+++ Records provided
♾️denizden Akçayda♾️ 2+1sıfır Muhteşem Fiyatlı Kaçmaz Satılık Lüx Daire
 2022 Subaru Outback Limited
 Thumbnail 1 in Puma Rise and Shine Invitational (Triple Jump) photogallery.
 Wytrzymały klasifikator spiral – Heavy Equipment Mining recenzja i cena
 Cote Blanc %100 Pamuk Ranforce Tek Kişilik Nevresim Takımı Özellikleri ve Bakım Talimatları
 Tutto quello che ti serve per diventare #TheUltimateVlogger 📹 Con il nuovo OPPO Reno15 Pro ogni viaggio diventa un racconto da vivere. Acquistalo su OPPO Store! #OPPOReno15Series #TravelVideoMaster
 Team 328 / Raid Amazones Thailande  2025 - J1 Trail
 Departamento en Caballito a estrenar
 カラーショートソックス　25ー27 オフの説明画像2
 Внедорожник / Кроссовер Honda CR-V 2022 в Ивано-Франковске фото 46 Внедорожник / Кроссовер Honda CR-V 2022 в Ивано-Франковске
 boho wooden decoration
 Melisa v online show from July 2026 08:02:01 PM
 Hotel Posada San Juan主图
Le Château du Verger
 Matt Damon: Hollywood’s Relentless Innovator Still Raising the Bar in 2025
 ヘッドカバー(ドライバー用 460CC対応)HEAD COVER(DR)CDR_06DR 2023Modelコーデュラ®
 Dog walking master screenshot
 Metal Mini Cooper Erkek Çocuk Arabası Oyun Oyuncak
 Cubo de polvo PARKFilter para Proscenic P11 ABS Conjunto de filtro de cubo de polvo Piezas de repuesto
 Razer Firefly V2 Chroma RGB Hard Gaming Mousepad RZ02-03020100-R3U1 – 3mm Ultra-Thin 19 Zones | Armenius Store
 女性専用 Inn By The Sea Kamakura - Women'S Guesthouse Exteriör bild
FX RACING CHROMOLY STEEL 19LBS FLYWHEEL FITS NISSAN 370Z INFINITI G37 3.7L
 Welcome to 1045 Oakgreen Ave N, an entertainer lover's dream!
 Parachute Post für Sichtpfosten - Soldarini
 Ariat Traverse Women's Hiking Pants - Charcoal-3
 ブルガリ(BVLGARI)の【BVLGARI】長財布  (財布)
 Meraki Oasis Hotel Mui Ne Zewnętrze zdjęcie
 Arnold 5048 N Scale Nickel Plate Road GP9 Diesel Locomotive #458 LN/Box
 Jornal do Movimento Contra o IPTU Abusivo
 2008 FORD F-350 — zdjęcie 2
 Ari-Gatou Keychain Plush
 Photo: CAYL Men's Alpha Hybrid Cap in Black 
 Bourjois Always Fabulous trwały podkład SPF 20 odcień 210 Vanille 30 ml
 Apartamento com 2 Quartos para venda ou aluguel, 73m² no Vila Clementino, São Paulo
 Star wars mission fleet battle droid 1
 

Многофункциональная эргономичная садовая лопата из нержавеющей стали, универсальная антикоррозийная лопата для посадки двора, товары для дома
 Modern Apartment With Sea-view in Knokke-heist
++++++
→ Exercise goal
Pull out every line of the records above that contains the word "Store".

→ Result of this task
 Tutto quello che ti serve per diventare #TheUltimateVlogger 📹 Con il nuovo OPPO Reno15 Pro ogni viaggio diventa un racconto da vivere. Acquistalo su OPPO Store! #OPPOReno15Series #TravelVideoMaster
 Razer Firefly V2 Chroma RGB Hard Gaming Mousepad RZ02-03020100-R3U1 – 3mm Ultra-Thin 19 Zones | Armenius Store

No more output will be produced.